Failure to create XFS filesystem

NearNodeFlash / NearNodeFlash.github.io

View this document https://nearnodeflash.github.io/

Apache License 2.0

3 stars 3 forks source link

Failure to create XFS filesystem #128

Closed behlendorf closed 4 months ago

behlendorf commented 4 months ago

As of version v0.0.7+ workflows that allocate an xfs filesystem get hung up retrying lvm commands. Attached is the nnf-node-manager log for a workflow which is attempting to allocate a single xfs filesystem.

nnf-node-manager.log

A couple observations. 1) vgcreate is running much to early before any of the PVs are created when it has no chance of success. It does retry. 2) wipefs is failing because the device doesn't exist in /dev/mapper/ directory. If I manually run vgchange --lock-start and lvchange --activate y then /dev/mapper/ is correctly populated. But it does take a moment, you may just need to wait on udev.
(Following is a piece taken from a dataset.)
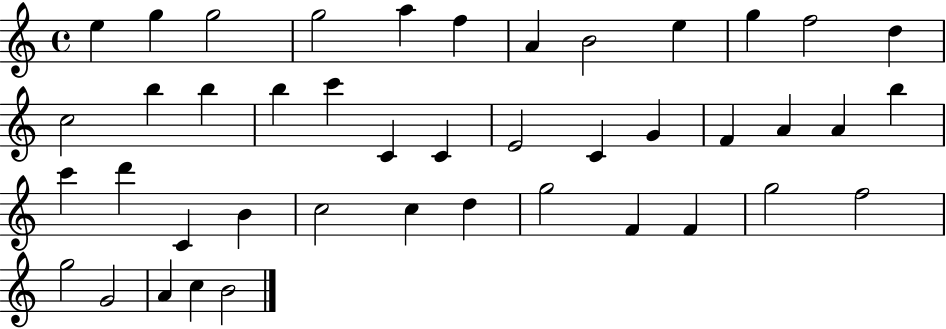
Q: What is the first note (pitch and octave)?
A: E5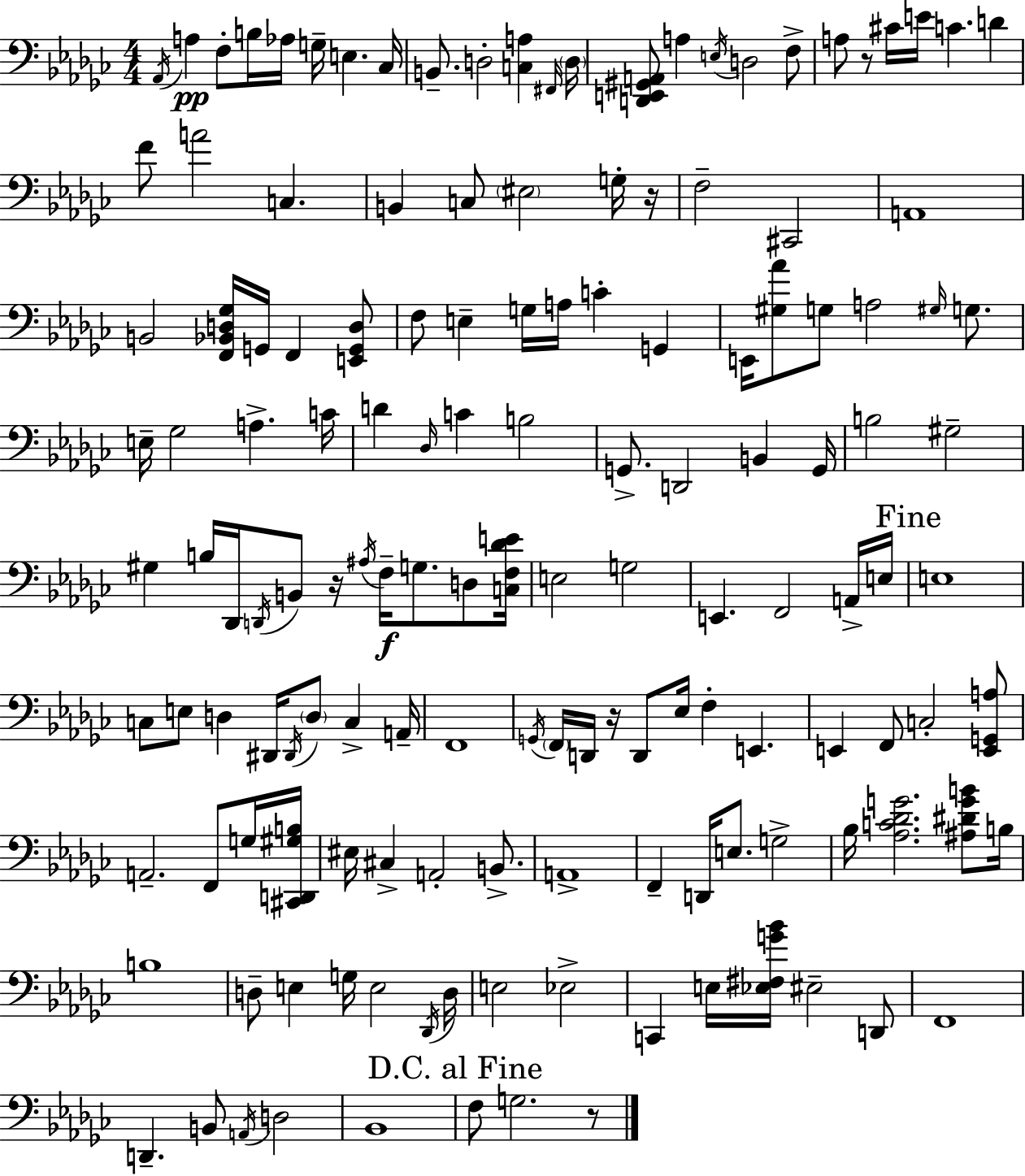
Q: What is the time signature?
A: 4/4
behlendorf commented 4 months ago

vgcreate is running much to early before any of the PVs are created when it has no change of success. It does retry.

This is unrelated to the xfs failure, but I see similar behavior with Lustre filesystems. Specifically zpool create is invoked incorrectly a few times, presumably because the kernel hasn't created the devices for the NVMe namespaces yet, then once they exist it's run correctly. One potential concern here is zpool create will still succeed even if only some of the devices are passed resulting in a reduced capacity. Although, I don't know if that's possible in practice. For example:

> zpool create -O canmount=off -o cachefile=none zf500d3d-mdt-0
stderr: missing vdev specification
> zpool create -O canmount=off -o cachefile=none zf500d3d-mdt-0 /dev/nvme3n8 <only a few additional vdevs>
success